De l’autre côté des barbelés, les autorités fédérales, soucieuses de ne pas froisser leur « grand voisin du Nord », affichent une politique de fermeté. Celle-ci se traduit dès 1938 par un accord avec l’Allemagne sur la signalisation des passeports juifs (l’apposition par les autorités helvétiques du fameux tampon « J » sur les pièces d’identité des juifs allemands) auquel succède, en octobre 1939, un décret stipulant qu’à l’exception des déserteurs et des réfugiés politiques, les étrangers arrivés illégalement en Suisse devaient être systématiquement refoulés dans leur pays d’origine.
Des trous dans la barque
La crise provoquée par l’afflux massif de réfugiés aux frontières durant l’été 1942 va cependant profondément secouer cet édifice répressif donnant une coloration plus pragmatique – dont la cohérence n’est pas toujours facile à saisir – à la politique d’asile menée par la Suisse. « Jusqu’à cette date, il y a certes des arrivées, dont certaines aboutissent à un refoulement, explique Ruth Fivaz-Silbermann, mais on ne saurait parler d’un phénomène massif. Par ailleurs, la gestion de l’accueil reste essentiellement le fait des cantons. »
Confronté à un afflux ressenti comme ingérable de candidats à l’asile, le gouvernement reprend les choses en main dans l’urgence. Le 4 août 1942, il arrête un décret (accompagné d’instructions diffusées le 13 du même mois) stipulant que tous les étrangers sans visa doivent être refoulés « même s’il peut en résulter pour eux des inconvénients sérieux tels que la mise en péril de la vie ou de l’intégrité corporelle ».
Officiellement, selon la sinistre métaphore utilisée quelques semaines plus tard par le conseiller fédéral Von Steiger, « la barque est pleine » et les frontières sont donc closes. « Pour les réfugiés juifs, c’est le pire moment, note Ruth Fivaz-Silbermann. La dissuasion, qui est le but visé par les autorités fédérales, fonctionne certes à plein, mais les dégâts collatéraux sont considérables puisqu’en quelques semaines des centaines de personnes vont être refoulées, certaines étant même ramenées à la frontière depuis l’intérieur du pays. »
Au sein de la population, cette politique de fermeté est loin de faire l’unanimité. En plusieurs endroits, l’expulsion de groupes de réfugiés déclenche de véritables petites émeutes, tandis qu’au nom de l’humanité et de la charité chrétienne, la presse et les associations œcuméniques dénoncent avec vigueur l’attitude des autorités.

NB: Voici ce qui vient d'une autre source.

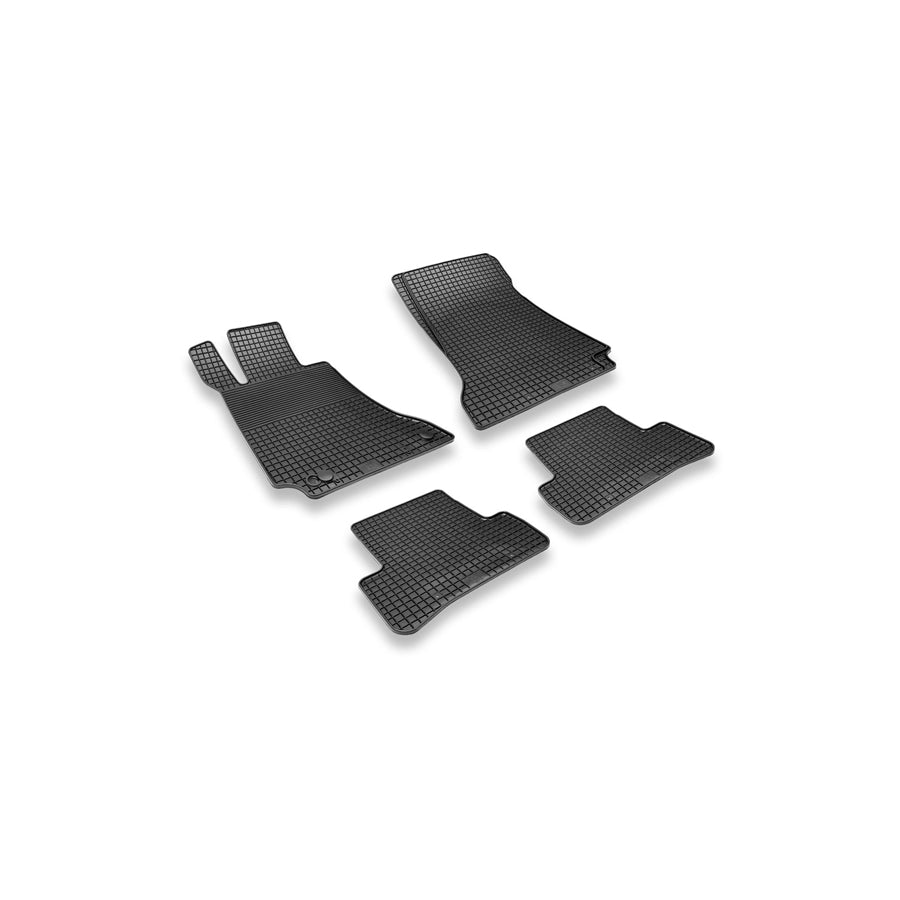 HEYNER PREMIUM OEM 737500 Floor mat set Elastomer, Quantity: 4, Black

Soucieux de ne pas troubler l’ordre public et prenant tardivement conscience du sort qui attend les juifs sous le régime de Vichy, le gouvernement entame dès lors et en sous-main des manœuvres pour faire machine arrière et introduire des brèches d’humanité à la frontière.
L’autre Rothmund
Comme le montrent les archives, ce revirement se concrétise dès le 31 août. Ce jour-là, lors d’une conversation informelle, le conseiller fédéral Von Steiger et Heinrich Rothmund, directeur de la Division de police de son département, ordonnent aux autorités genevoises de ne plus refouler les réfugiés juifs et de ne remettre personne directement entre les mains des Allemands. Cette décision, qui équivaut à une réouverture temporaire de la frontière, permet à 4000 juifs d’être accueillis en Suisse entre septembre et octobre 1942.
Par la suite, c’est également Rothmund qui aménage des mesures d’exception permettant l’entrée en Suisse des enfants ou des malades. Et c’est encore son Département qui négocie avec différentes œuvres d’entraide l’établissement de liste de non-refoulables.
« Rothmund est un personnage peu sympathique, commente Ruth Fivaz-Silbermann. Bourru et arrogant, il est effectivement un partisan acharné de la lutte contre la surpopulation étrangère. Mais il est peut-être le seul à ce niveau de décision à avoir écouté sa conscience. De nombreux documents montrent qu’il a cherché à adoucir la politique mise en place par le Conseil fédéral à chaque fois que c’était possible. Et toutes les failles qu’il a ouvertes, fussent-elles minimes, ont été utilisées par les réfugiés et ceux qui les aidaient. »
Sur le terrain, certains n’ont pas hésité à devancer les consignes d’assouplissement venues de Berne. En poste sur la frontière lémanique du canton de Vaud, le capitaine Galopin ferme ainsi les yeux sur le passage de près de 300 embarcations clandestines. D’autres, en revanche, ont eu la dent plus dure. Antisémite acharné, le major Rapp, qui sévit dans le Nord vaudois, à Neuchâtel et à la frontière valaisanne, prend la plume pour faire savoir à sa hiérarchie son mécontentement de ne pouvoir expulser qu’un juif sur quatre. À Genève, l’officier de police Odier et son équipe se distinguent par de nombreux excès de zèle qui vont du passage à tabac au refoulement de personnes possédant un décret d’internement officiel.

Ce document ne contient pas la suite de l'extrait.